Over the course of the next several years, Amajur administered the province with a firm hand. He maintained a state of order, making the roads secure and cracking down against bandits, and also engaged in the building of public works. At the same time, however, an oppressive tax regime was instituted during his governorship, and a period of major inflation resulted in a general increase in poverty. In ca. 876 he presented a Qur'an to a mosque in Tyre, granting it as a waqf; several folios from this work still exist.
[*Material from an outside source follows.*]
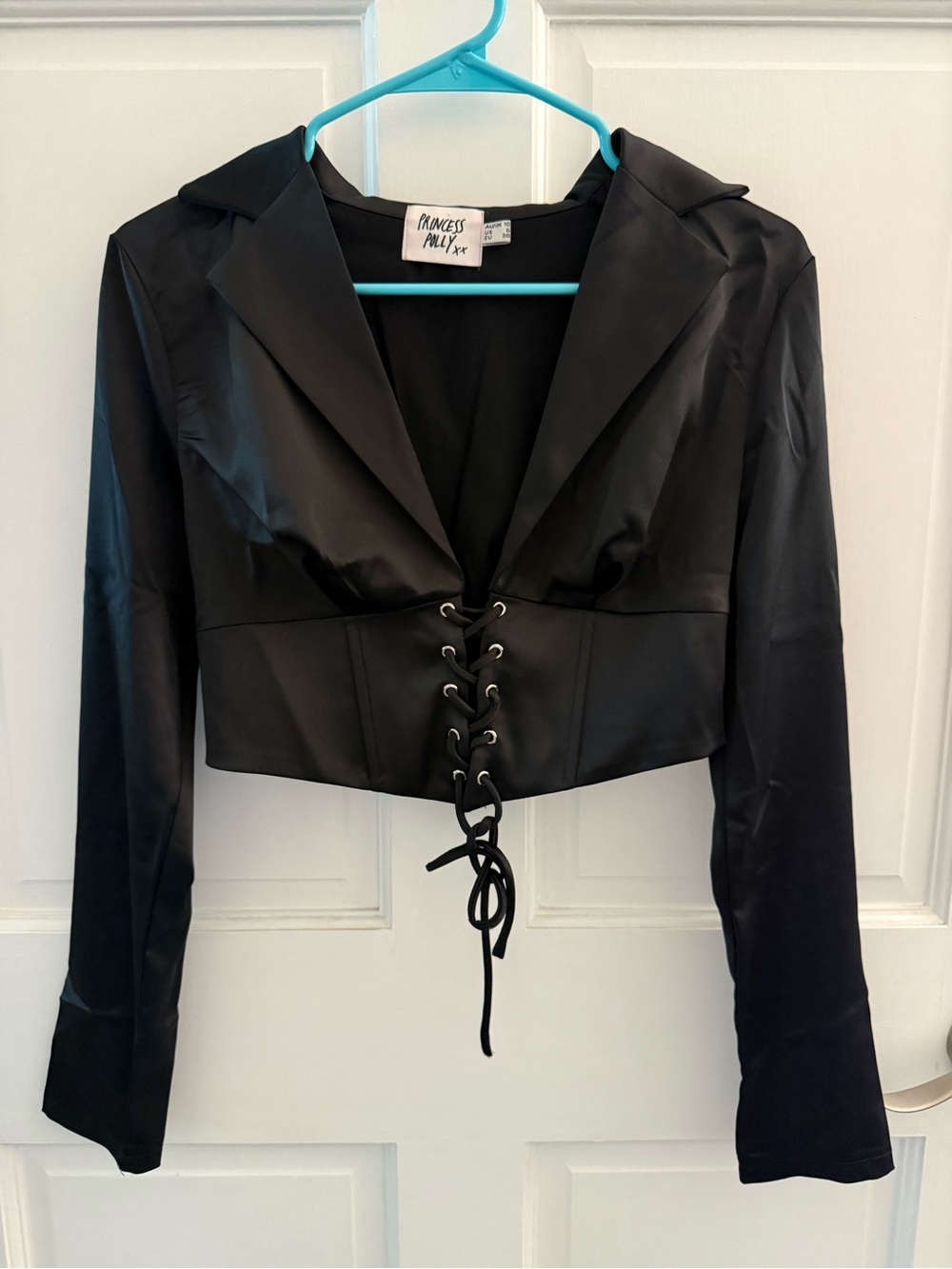 NWOT Princess Polly Black Lace-Up Cropped Top Size 6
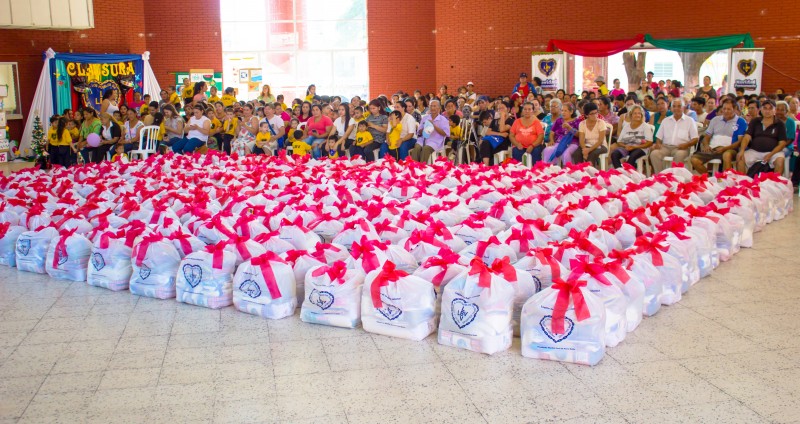 «Un día para dar»: Campaña busca armar 500 canastas navideñas para ayudar a familias vulnerables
In ca. 877 the Abbasid regent al-Muwaffaq decided to appoint Amajur over Egypt, as its governor Ahmad ibn Tulun had been displaying signs of independence. Although Amajur was somewhat reluctant about the plan, the general Musa ibn Bugha was dispatched to enforce the decision and install him in the province. The expedition, however, stalled at Raqqa and came to an end when Musa's troops revolted against him, forcing him to return to Iraq; as a result, Ibn Tulun remained in control of Egypt.

Amajur died in ca. 878. He was briefly succeeded as governor by his minor son 'Ali; that same year, however, Ibn Tulun decided to take advantage of his death and marched into Syria, adding the province to his domains.